# watch a show while in menus



## Candipinki (Jan 28, 2009)

On other DVRs, you can watch a show (in a little box in the corner) while you are looking through you now playing, to do list, and season pass menus.


----------



## SpiritualPoet (Jan 14, 2007)

Yes, I think that would be great if TiVo could provide this in a future update.


----------



## reneg (Jun 19, 2002)

I wouldn't mind seeing this added if the "spoiler window" is configurable and can be turned off.


----------



## jbernardis (Oct 22, 2003)

I just pause the show when I go into the menu.
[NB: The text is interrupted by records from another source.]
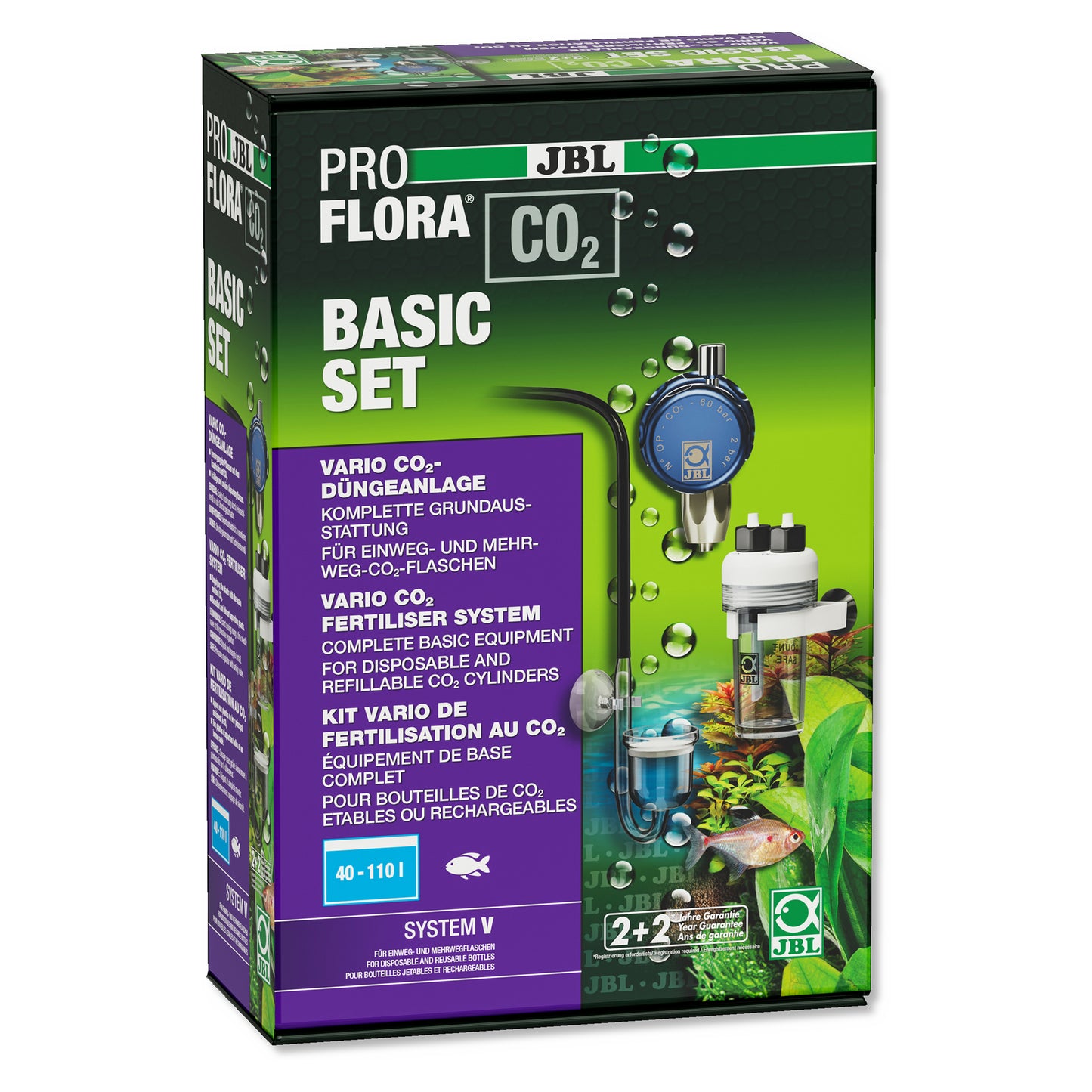 JBL PROFLORA Aquarium Fish Tank Plant CO2 Basic Set V CO2 Cylinders 500g
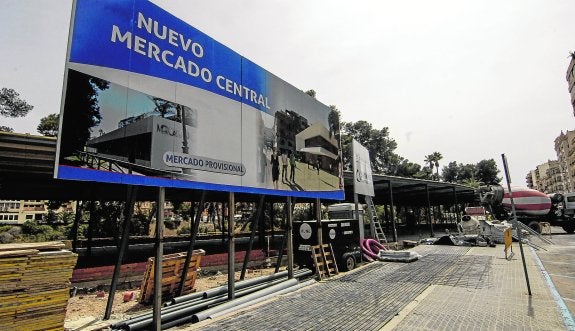 Las obras del Mercado Central provisional acaban en los tribunales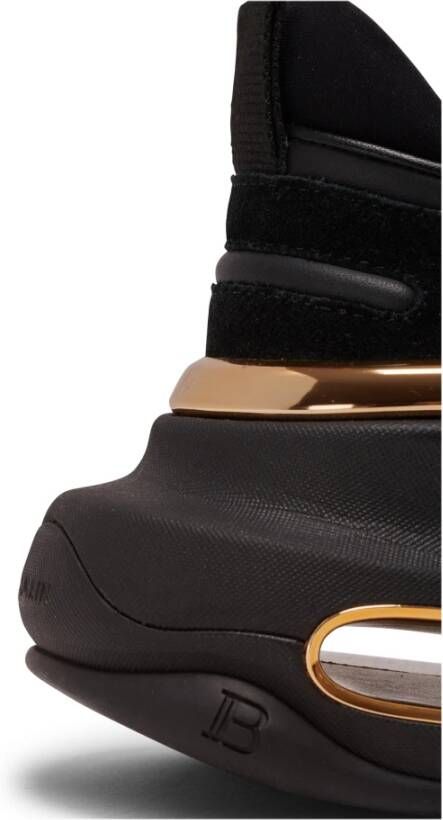 Balmain B-Bold leren sneaker Black Dames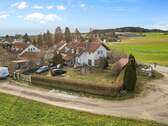 Vogelperspektive - 6 Zimmer Doppelhaushälfte zum Kaufen in Hofstetten / Hagenheim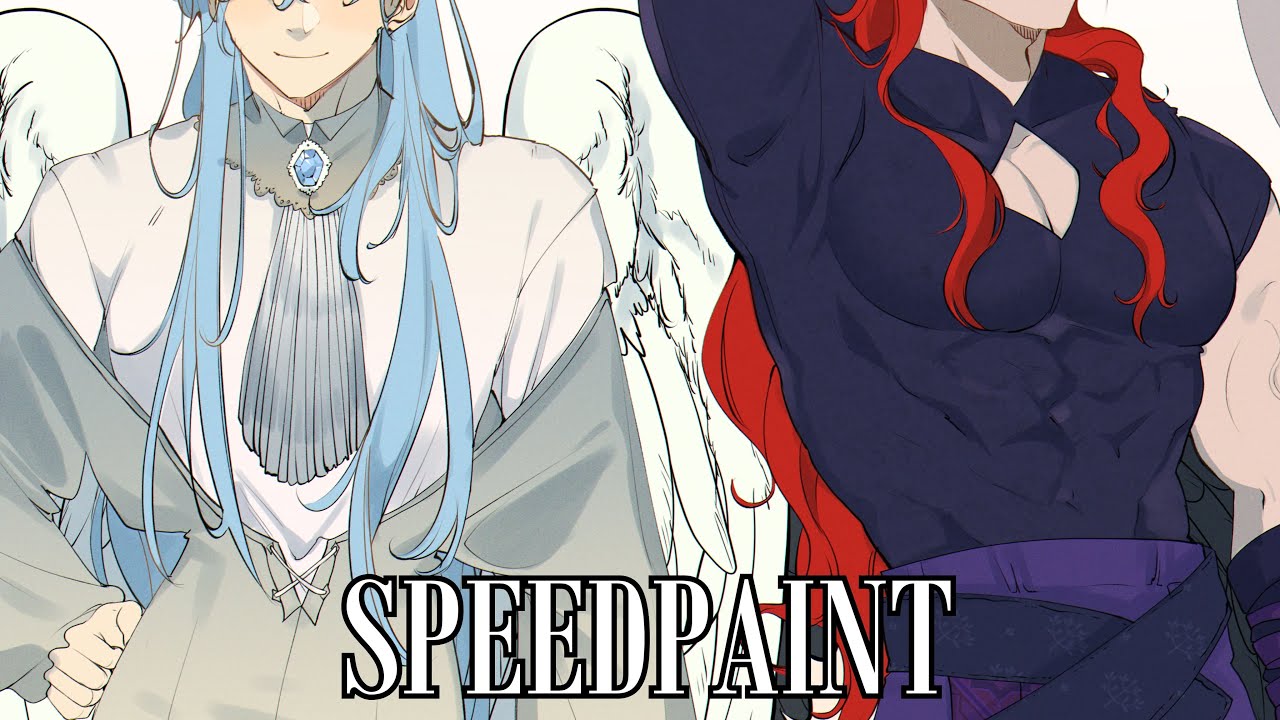 OC SPEED PAINT/ CÉFIRO & SIRIUS / Character Desing.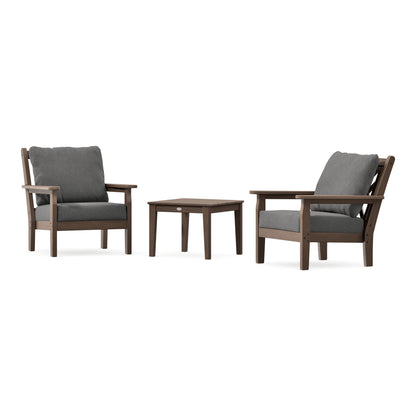 POLYWOOD Chippendale 3-Piece Deep Seating Set in Kona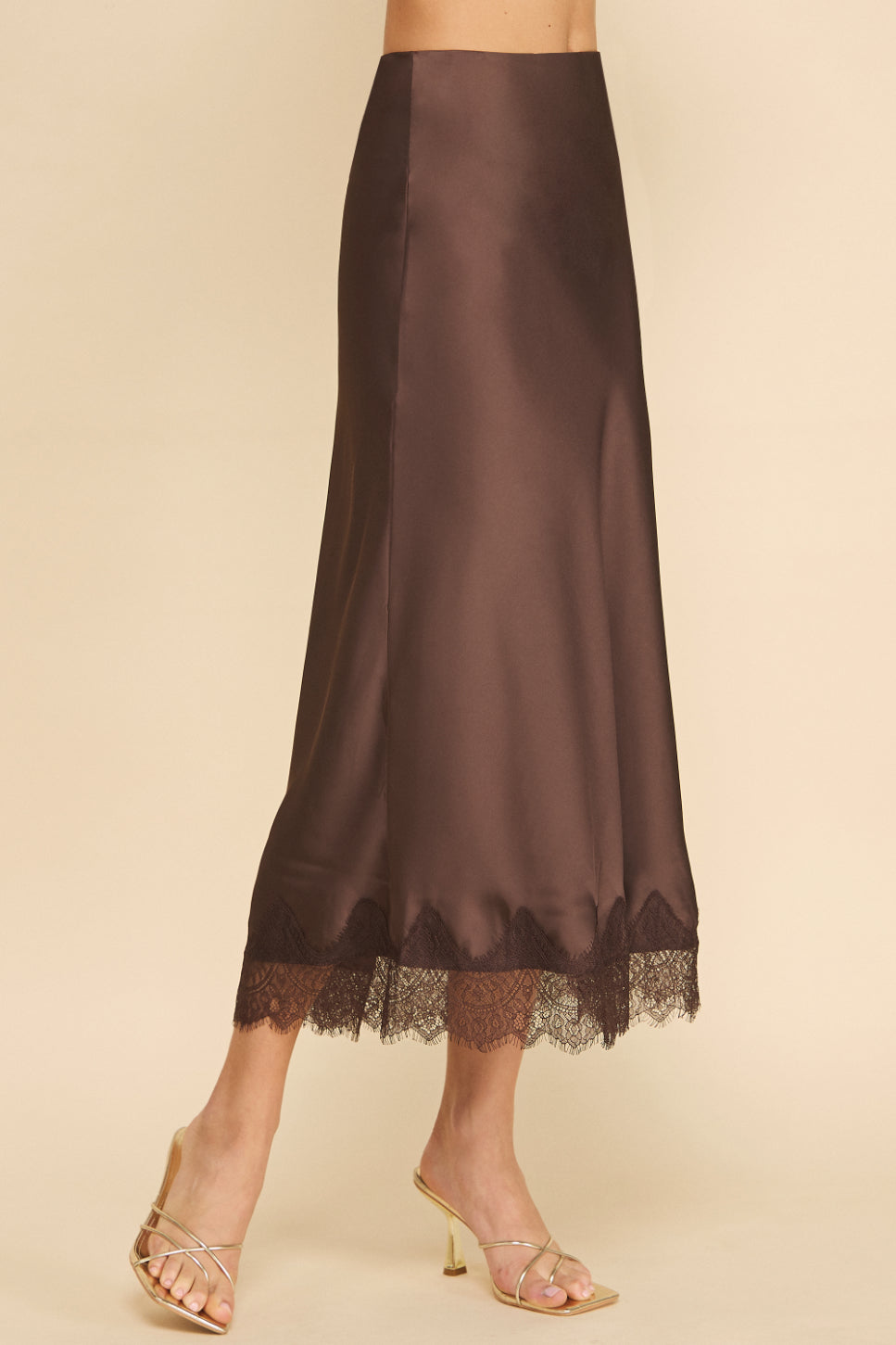 Muse Slip Skirt with Lace Detail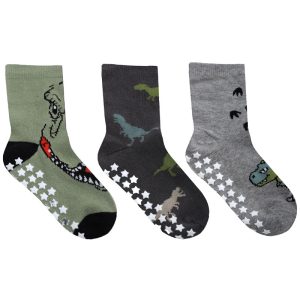 AntihalkStrumpor Barn 22/24 Dinosaurier 3-pack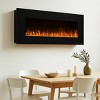Northwest 54" Electric Fireplace Wall Mounted Led Fire And Ice Flame with Remote: No Heat Faux Indoor Metal Frame - 4 of 4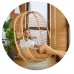 Чорний підвісний садовий стілець Toskana + коричневі подушки Sofotel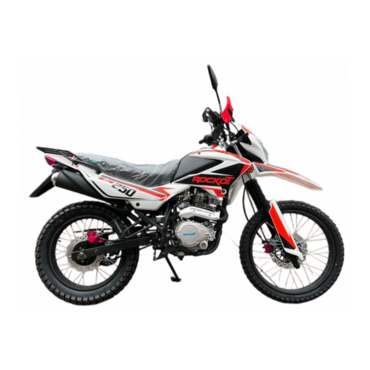 Мотоцикл эндуро ROCKOT ZR250 (белый красный) - миниатюра 1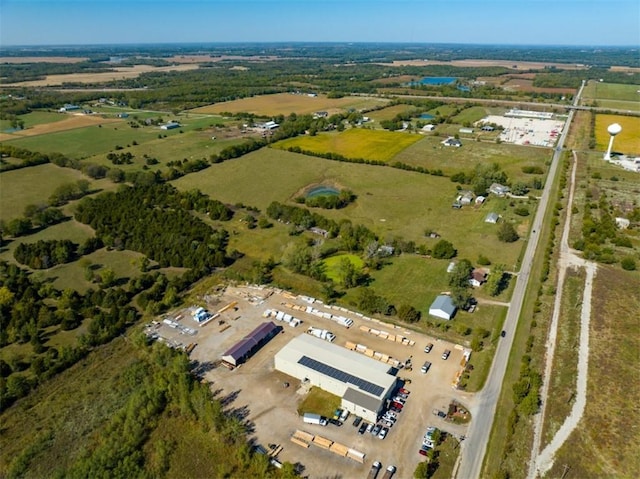 bird's eye view featuring a rural view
When I come back to live TV, it's nice to have a bit of a buffer. The only time this is an issue is if I am already on the trailing edge of the buffer.


----------



## mikeyts (Jul 10, 2004)

I feel pretty sure that TiVo has purposefully not added this feature. It's not an element of their GUI style. (They did put it into the cable box GUI that they created for Comcast, probably at the providers insistence, along with four different varieties of recording indicators on the guide grid).

It's also possible that it's patented and they don't want to pay fees to use it.


----------



## megory (Jan 23, 2003)

We've been asking for this for years. TiVo is quite obstinate on this issue but afaik, has never explained why not.

IMO, it could be a default choice, and an option to turn on or off.


----------